What the task requires:
Print out the data exactly, keeping every image out of it.

(Data below begins)

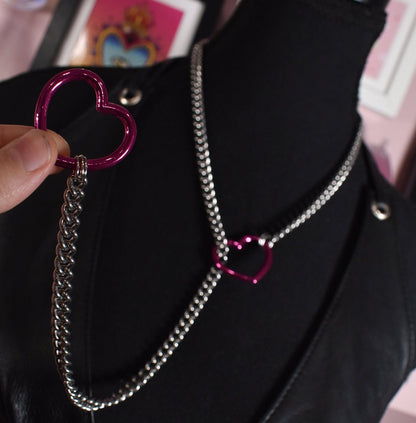 Silver + Hot Pink Heart Ring Slip Chain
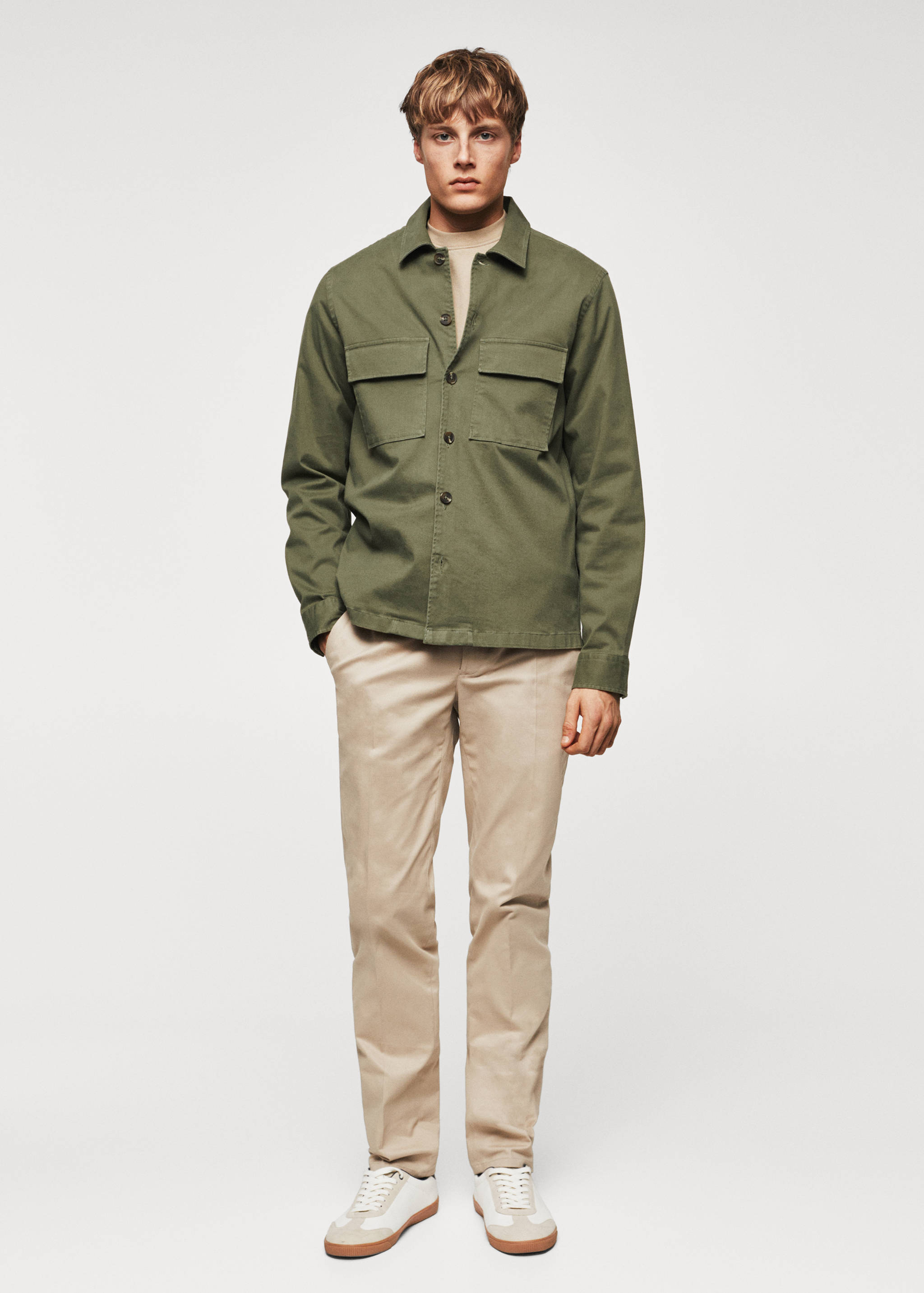 Baumwoll-Überhemd mit Taschen - Allgemeine Ansicht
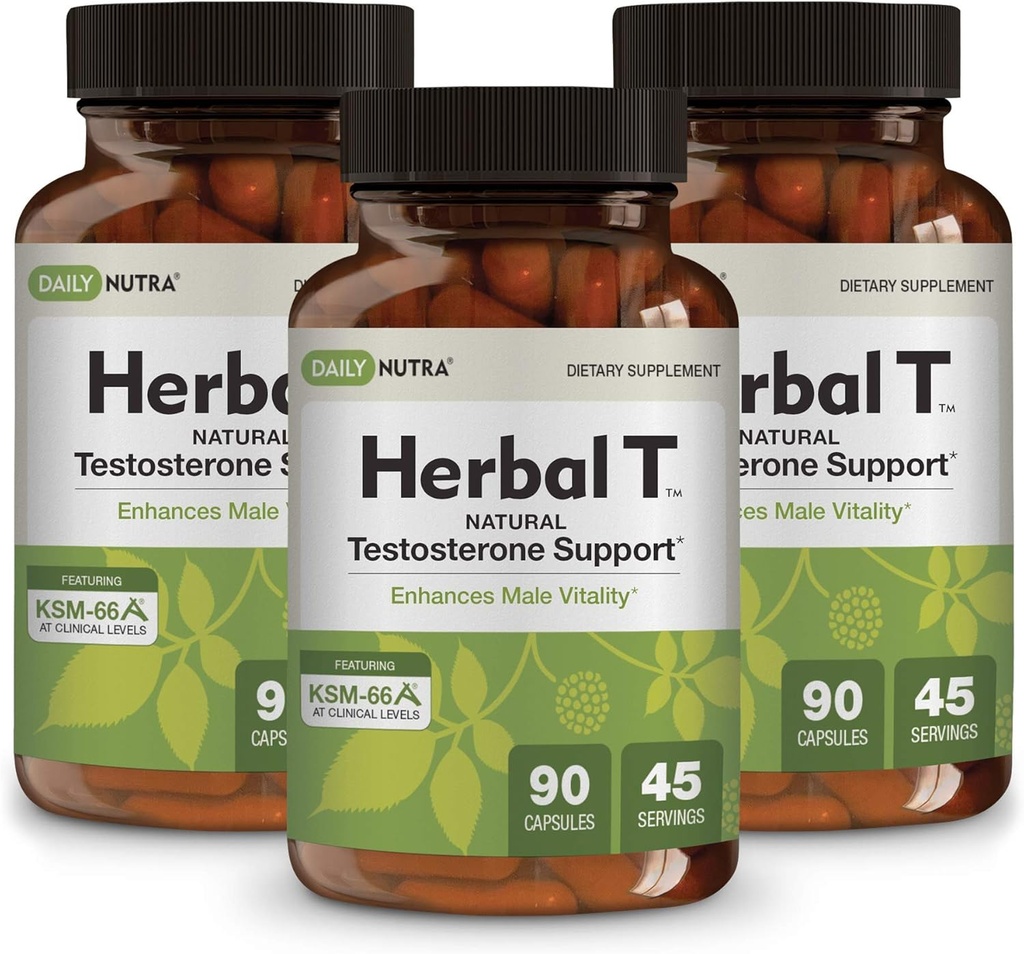 DailyNutra Bylinný T Men 's Health Formule Dodatek pro Endurance, Vitality, & Zdravé stárnutí - s KSM- 66 Ashwagandha, Tongkat Ali, Tribulus, Eleuthero, & Horny Goat Weed (3-Pack)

(Data below ends)

Expected answer:
 Silver + Hot Pink Heart Ring Slip Chain
 Baumwoll-Überhemd mit Taschen - Allgemeine Ansicht
 DailyNutra Bylinný T Men 's Health Formule Dodatek pro Endurance, Vitality, & Zdravé stárnutí - s KSM- 66 Ashwagandha, Tongkat Ali, Tribulus, Eleuthero, & Horny Goat Weed (3-Pack)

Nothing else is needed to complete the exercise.